PEORIA — A lightning strike from Thursday morning's monsoon storms in the West Valley was caught on a homeowner's security camera and surprisingly didn't cause any damage.
Before the lightning strike, the monsoon storm woke up Hayley Aragon, a 16-year-old who goes by 'Hurricane Hayley' when she's dirt track racing.
It's perhaps a fitting name for when her family's Peoria home was directly struck by lighting after 4 a.m. Thursday.
"It struck the house, the house shook, my TV turned on, switched like a switch blade, just turned on," she said.
She's able to smile about it now because she said nothing at her home was damaged. The lights flickered a little bit, but they never even lost power, she says.

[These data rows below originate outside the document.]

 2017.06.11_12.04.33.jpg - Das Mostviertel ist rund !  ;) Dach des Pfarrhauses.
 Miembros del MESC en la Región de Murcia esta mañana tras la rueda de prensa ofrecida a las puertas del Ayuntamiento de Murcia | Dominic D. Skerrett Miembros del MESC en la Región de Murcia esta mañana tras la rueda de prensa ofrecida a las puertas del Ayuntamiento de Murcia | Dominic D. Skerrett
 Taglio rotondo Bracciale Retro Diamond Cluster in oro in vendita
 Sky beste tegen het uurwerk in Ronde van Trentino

However, in that moment, it was something she's never experienced before.
"Oh it was terrifying, it was loud, it was shaking, it was bright, then everything... it went silent," she said.
Stefan Babirak lives across the street. He was outside when all this happened.

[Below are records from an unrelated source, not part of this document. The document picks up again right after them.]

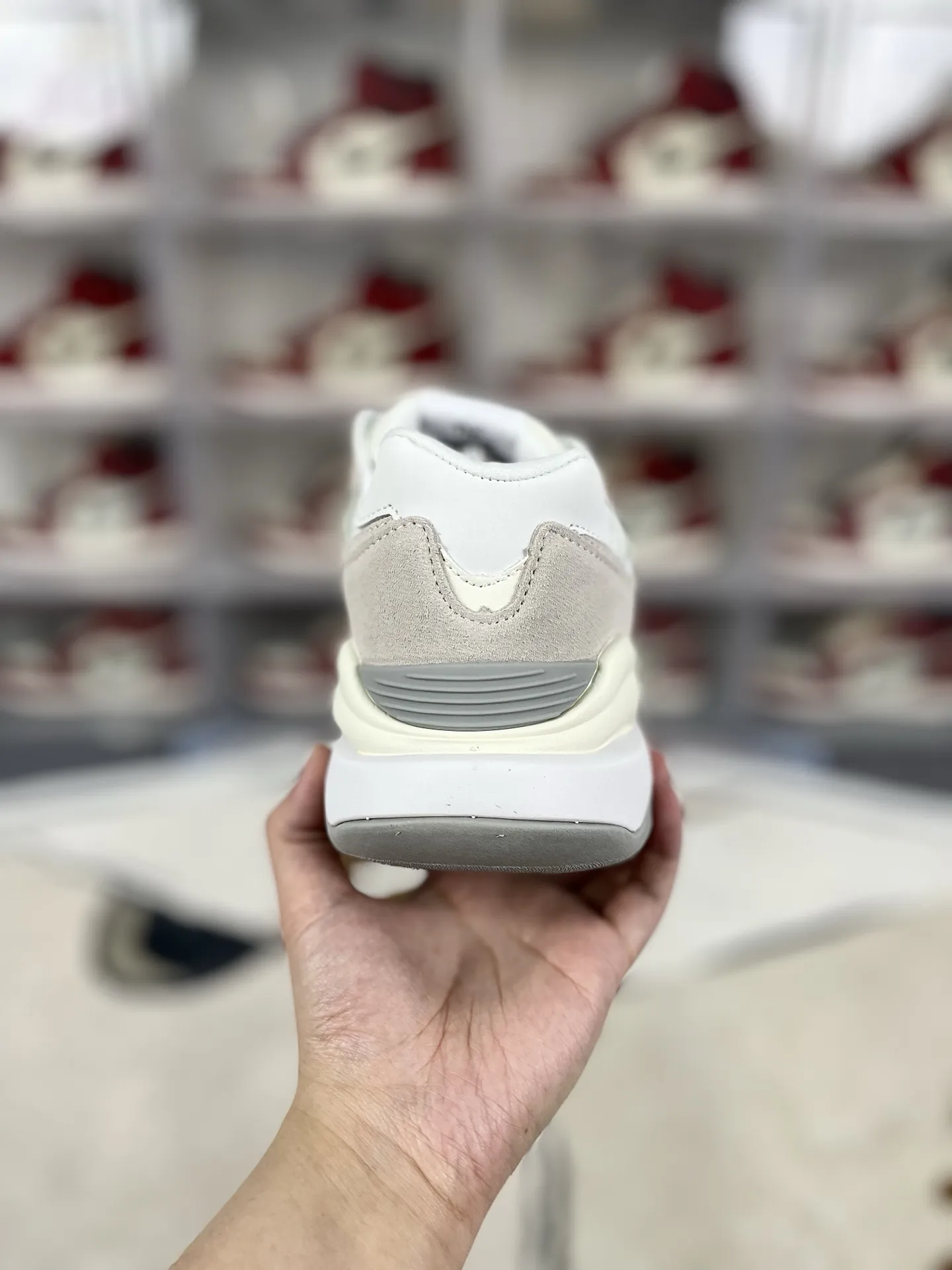 💰170 FX纯原New Balance NB 5740 复古 潮流 经典 皮革减震防滑耐磨 低帮 休闲跑步鞋 男女款 灰白黑 新百伦 ▪️NB5740跑鞋是一款集复古美学与现代科技于一身的鞋款。鞋面材质采用麂皮与网布的组合，左右脚材质差异化的设计（如翻毛皮与滑皮拼接），带来独特层次感。同时，鞋面上的反光N字Logo既呼应了90年代复古美学，又融入了现代潮流元素。中底采用泡沫与橡胶组合，提供了卓越的缓震效果，有效减少运动时对脚部的冲击力。网眼设计增强了透气性，搭配宽版鞋型，使得鞋子在保持包裹性的同时，也能确保穿着时的舒适度。无论是湿滑的路面还是干燥的环境，NB5740都能提供稳定的支撑和保护。其防滑外底和耐磨材质的设计，让鞋子在各种地形下都能保持出色的抓地力。无论是健身房锻炼还是户外跑步，NB5740都能轻松应对。其简约而不失时尚的外观设计，使得NB5740在日常休闲逛街时也同样引人注目。 ▪️尺码：36-45（36 37 37.5 38 38.5 39.5 40 40.5 41.5 42 42.5 43 44 44.5 45） ▪️货号：M5740CBC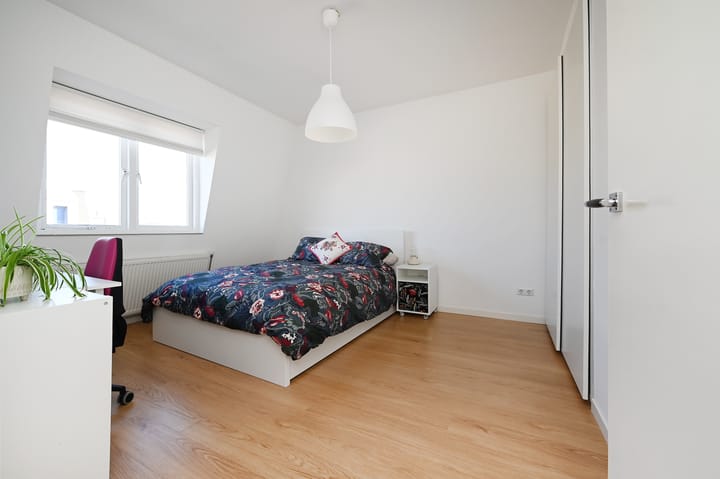 Foto 26 van Ripperdastraat 64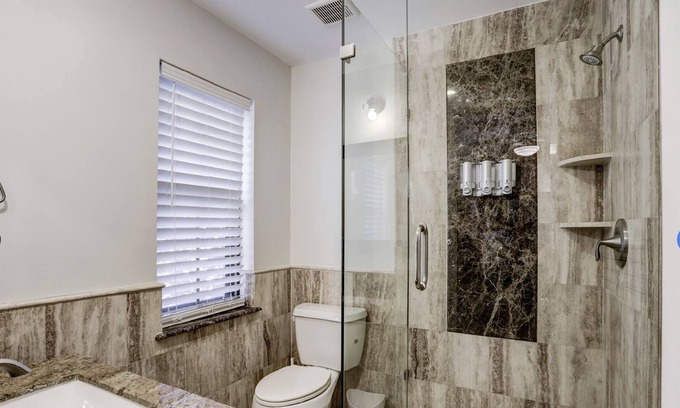 The Villages Casa | Great contemporary home 5 miles from Houston Galleria1003 Ridgeley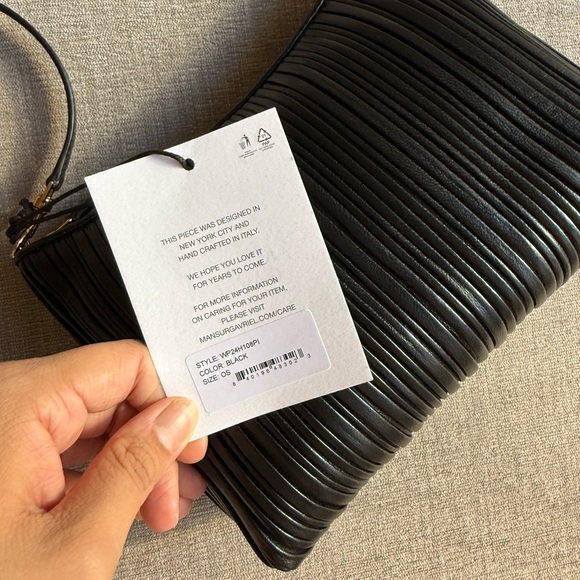 Mansur Gavriel Elegant Black Pleated leather Shoulder Bag - Picture 10 of 12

He says he's surprised there wasn't a fire or more damage.
When asked if his home saw any damage he said, "No, other than a tree branch in the back but you know, we will rebuild," laughing.
The only reason Stefan was outside Thursday morning was to take pictures of the trash cans floating down the street. He said it was like a lake on Sweetwater Drive.
His security camera caught the moment that lightning struck his neighbor's home and his reaction.
"A little flame came out, and as you saw, it excited me. I jumped back there, came back out, I started looking to see if there was a fire," he said.
The folks on Sweetwater Drive in Peoria escaped Thursday's storm with just a good story but the monsoon cause plenty of damage nearby.
Just down the street, part of the roof collapsed at the Bashas' supermarket near 75th Avenue and Thunderbird Road.
On the I-17 near Camelback Road, flooding made for a challenging morning commute.
For those nearly struck by lightning, what are the chances that happens again, right?